In the past, the drawback to using STR analysis for chimerism quantification and monitoring was the cumbersome process of analyzing fragment data—determining fragment sizes, usually in one program, manually determining informative loci, and then transferring results to a spread sheet for quantification and monitoring. The analysis was time-consuming and potentially prone to error, due to the need to transfer information from one program to another. Recent software advances have mitigated these drawbacks to STR monitoring of post-bone marrow transplant patients. SoftGenetics’ ChimerMarker® software automates the entire process, maintains an audit trail and documentation for long term graphing and patient monitoring. Time savings of 30% to 70% have been reported by HLA laboratories in comparisons between this innovation and genotyping/spread sheet analysis methods.

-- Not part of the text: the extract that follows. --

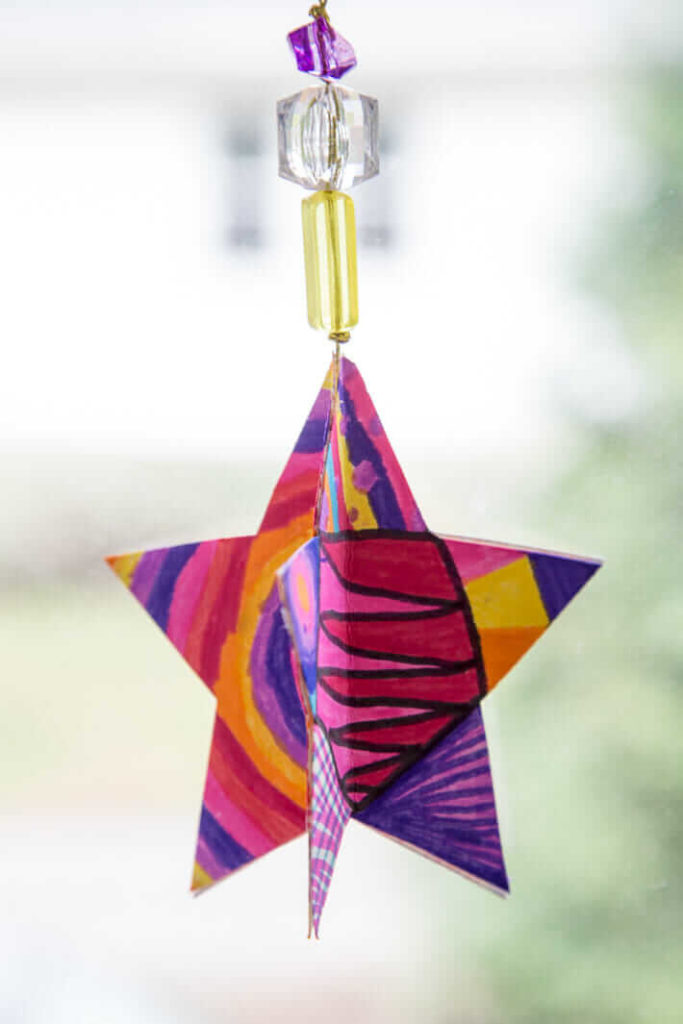 A 3D Paper Star Ornament Hanging in the Window - Easy Christmas Craft
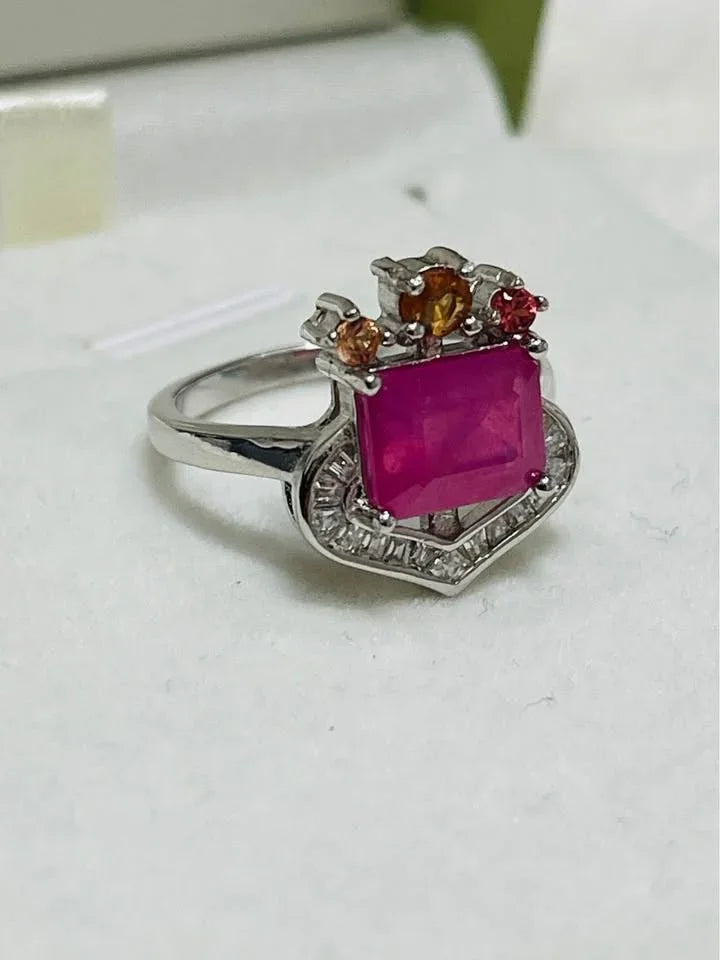Angled view of a 3 carat natural ruby ring with colorful sapphire accents and heart halo in box.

Additional examples of detection and quantification of loci associated with specific genetic disorders using DNA fragment analysis rather than immuno-histology methods include MLPA® analysis (Multiplex Ligation-dependent Probe Amplification)4 to detect genetic diseases caused by duplications or deletions (for example, Duchenne muscular dystrophy) and trisomy analysis of QF-PCR amplicons5 from amniotic fluid.

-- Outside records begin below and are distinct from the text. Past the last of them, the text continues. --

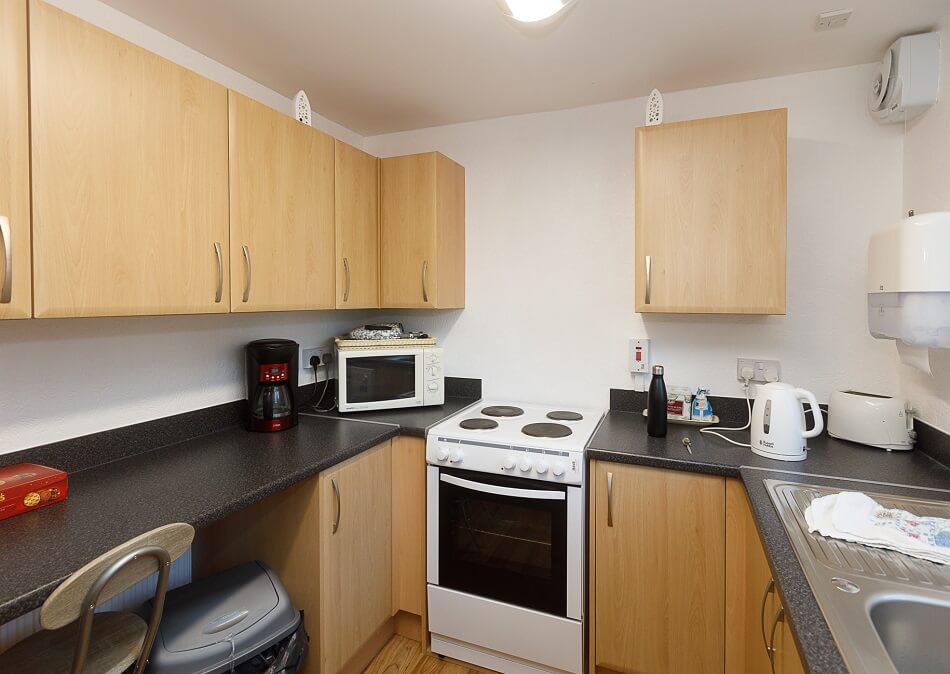 Communal kitchen with cooking facilities and meal prep area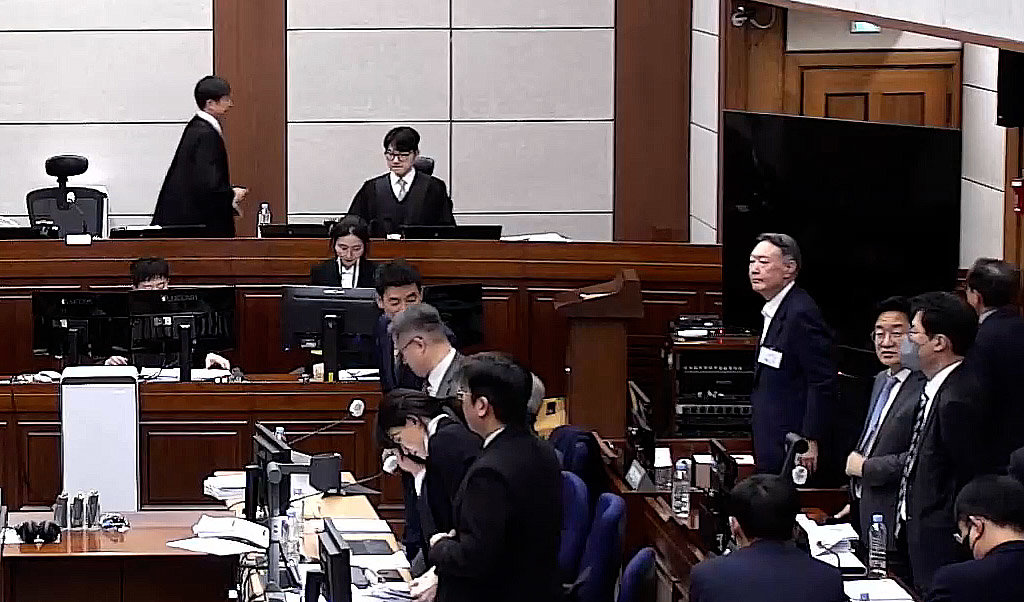 윤석열 전 대통령이 9일 오후 서울 서초구 서울중앙지방법원에서 열린 내란 우두머리 혐의 1심 결심 공판이 휴정되자 자리에서 일어서고 있다. 2026.1.9 서울중앙지방법원 제공 영상 캡쳐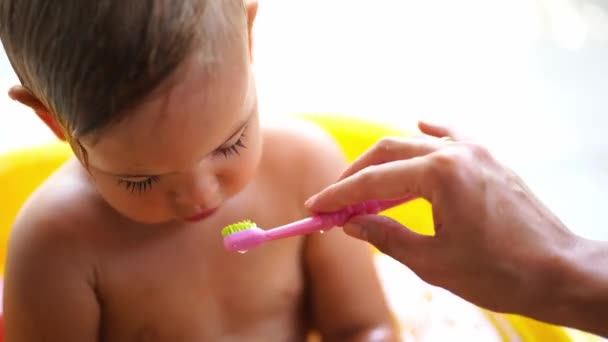 お母さんの手は水の流域に座っている少女に歯ブラシで歯をきれいにします 高品質4K映像 — ストック動画
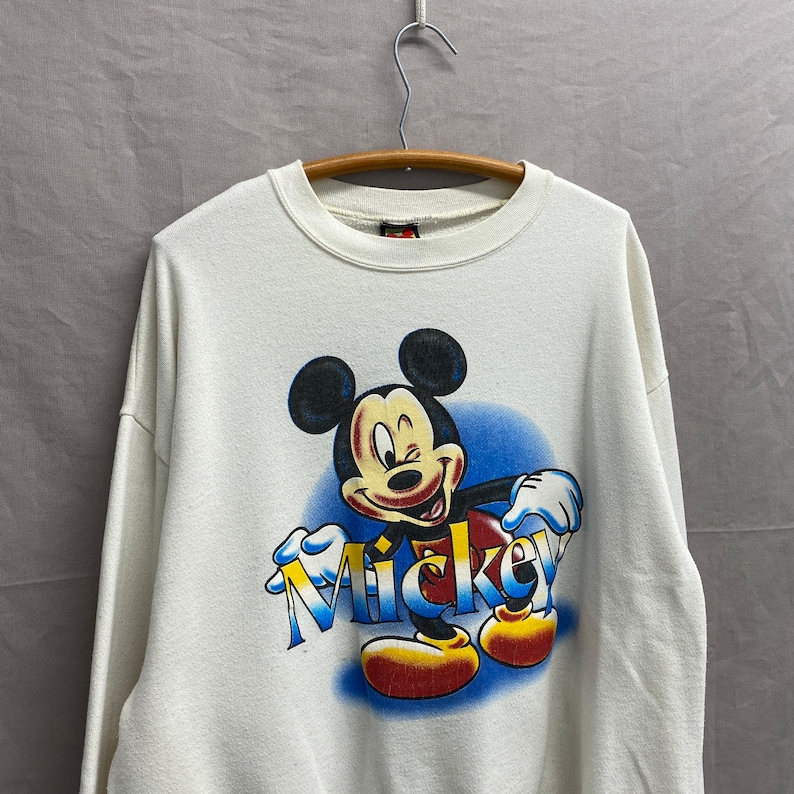 May include: White sweatshirt with a colorful graphic of Mickey Mouse winking and the word "Mickey" printed in blue, yellow, and red.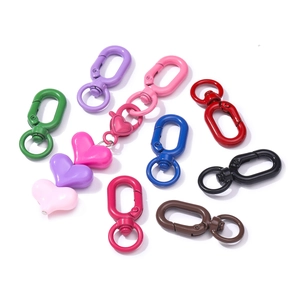 Macro detail of multi-colored lobster clasps and heart charms for DIY crafts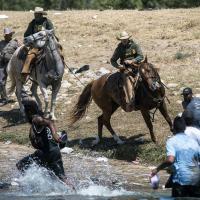 Mounted Texas Border Patrol on horseback whip and yell at Haitian immigrants who crossed the Rio Grande River from Mexico into the U.S.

Sanger sequencing analysis is considered the gold standard by many for clinical diagnostics. As the cost of next-generation sequencing continues to fall, it is increasingly used for clinical research. One application is whole-exome sequencing of families with undiagnosed diseases. Lists of potential causative mutations are generated by looking for specific patterns, such as compound heterozygous inheritance. A list of thousands of variants can be narrowed down by ignoring likely false positives and by focusing on mutations that are expected to be damaging based on functional prediction scores, like those in the Single Nucleotide Polymorphism  database (dbSNP).6


  1. Scharf SJ, Smith AG, Hansen JA, McFarlandC, Erlich HA. Quantitative determination of bone marrow transplant engraftment using fluorescent polymerase chain reaction primers for human identity markers. Blood. 1995;85:1954-1963.

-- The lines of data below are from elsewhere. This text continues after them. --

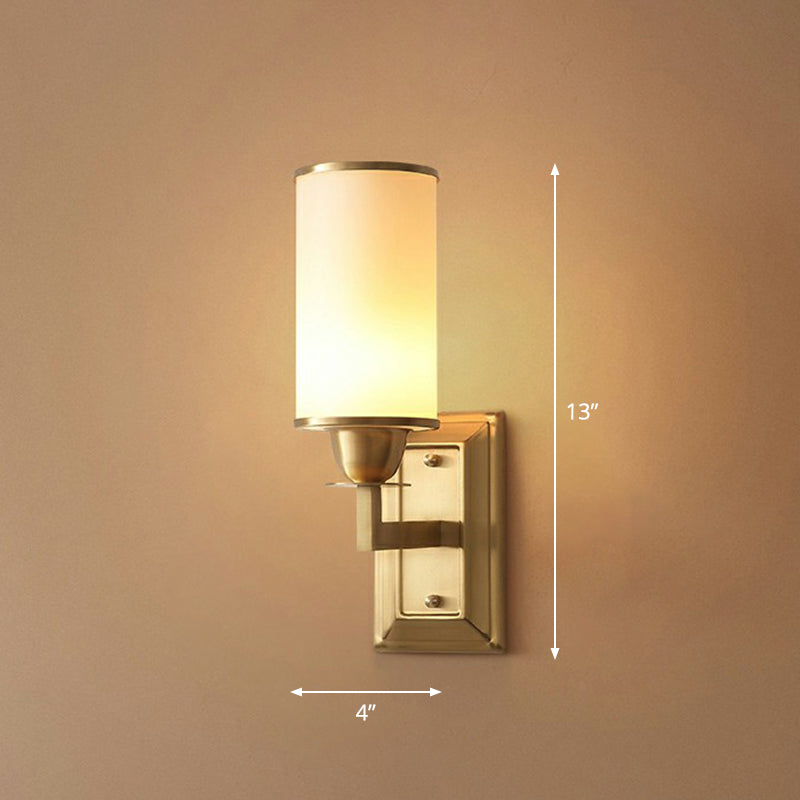 1-Light White Glass Wall Sconce in Traditional Brass - Elegant Cylindrical Dining Room Light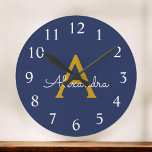 Navy Blue Gold Modern Script Girly Monogram Name Round Clock<br><div class="desc">Navy Blue and Gold Simple Script Monogram Name Clock. This makes the perfect sweet 16 birthday,  wedding,  bridal shower,  anniversary,  baby shower or bachelorette party gift for someone that loves glam luxury and chic styles.</div>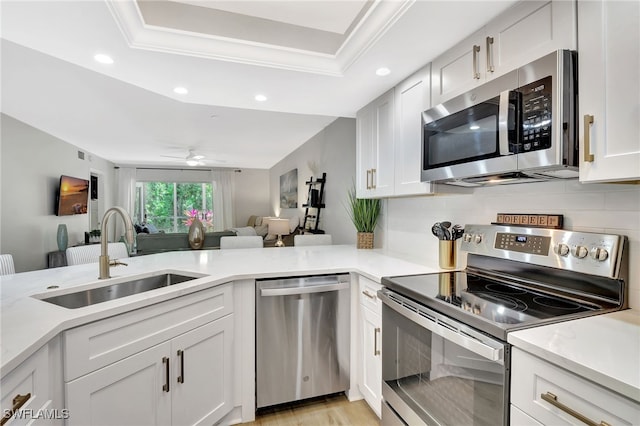 773 Wiggins Lake Dr Unit 101, Naples, FL 34110 - kitchen featuring stainless steel appliances, a sink, recessed lighting, white cabinets, and open floor plan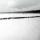 A black-and-white photo of a flat, snowy landscape with trees and small buildings in the distance. A long, straight line of more than 100 people are walking through snow.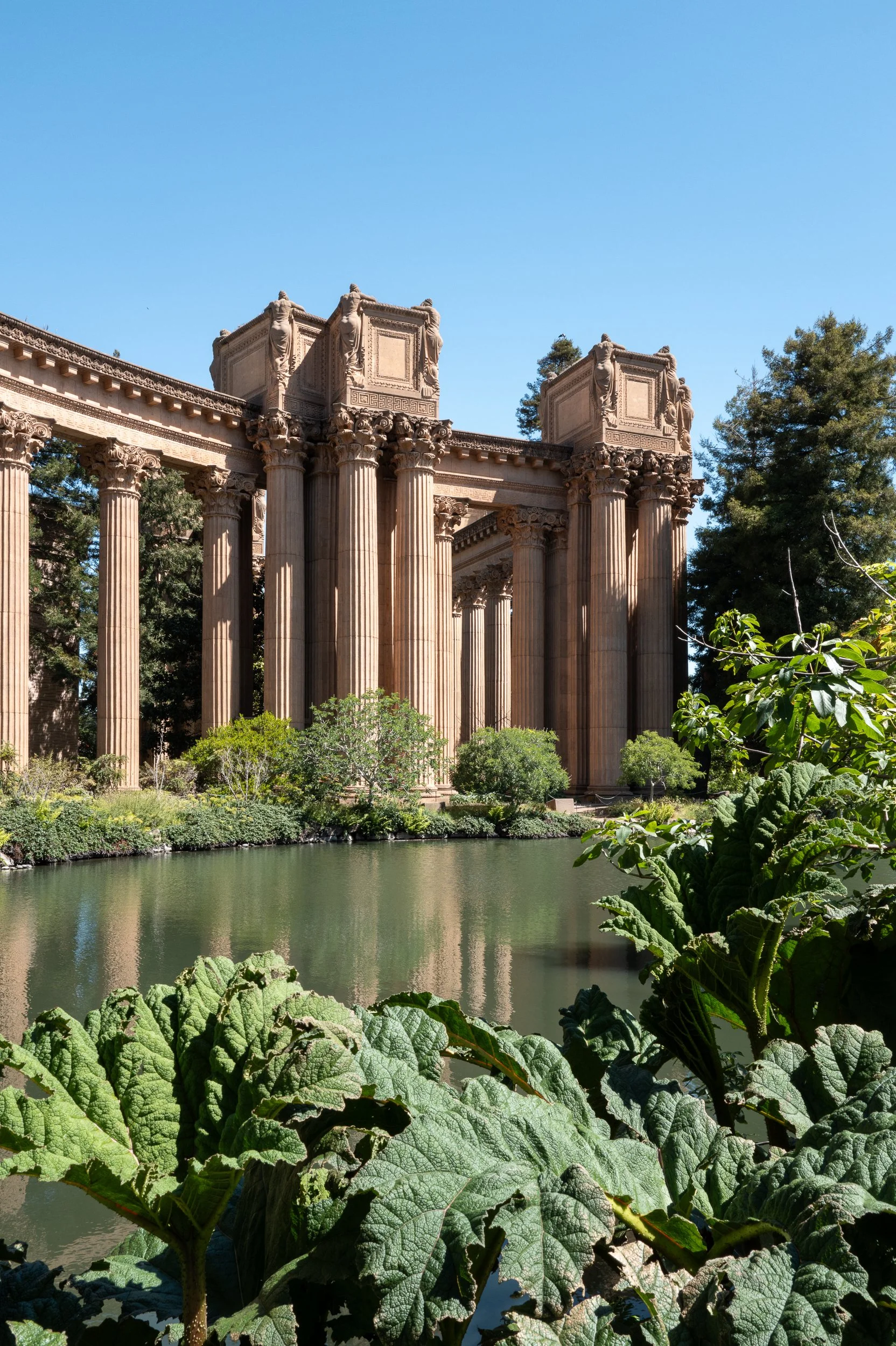 Ruines antiques avec colonnes et fontaine entourée de végétation.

  2. Thiede C, Lion T. Quantitative analysis of chimerism after allogeneic stem cell transplantation using multiplex PCR amplification of short tandem repeat markers and fluorescence detection. Leukemia. 2001;15:303-306.
  3. Kristt D, et al. Quantitative monitoring of multi-donor chimerism: a systematic, validated framework for routine analysis. Bone Marrow Transplantation. 2010;45:137-147.
  4. Schouten JP, et al. Relative quantification of 40 nucleic acid sequences by multiplex ligation-dependent probe amplification Nucleic Acids Res. 2002:30(12):e57
  5. Hamilton S, Mann K. QF-PCR for the diagnosis of aneuploidy. Best Practice Guidelines v2.01. Association for Clinical Cytogenetics. 2007.
  6. Liu X, Jian X, Boerwinkle E. dbNSFP: A lightweight database of human nonsynonymous SNPs and their functional predictions. Human Mutation. 2011;32:894-899. doi:10.1002/humu.21517.

Teresa Snyder-Leiby, PhD, is Product Manager for Pennsylvania-based SoftGenetics LLC.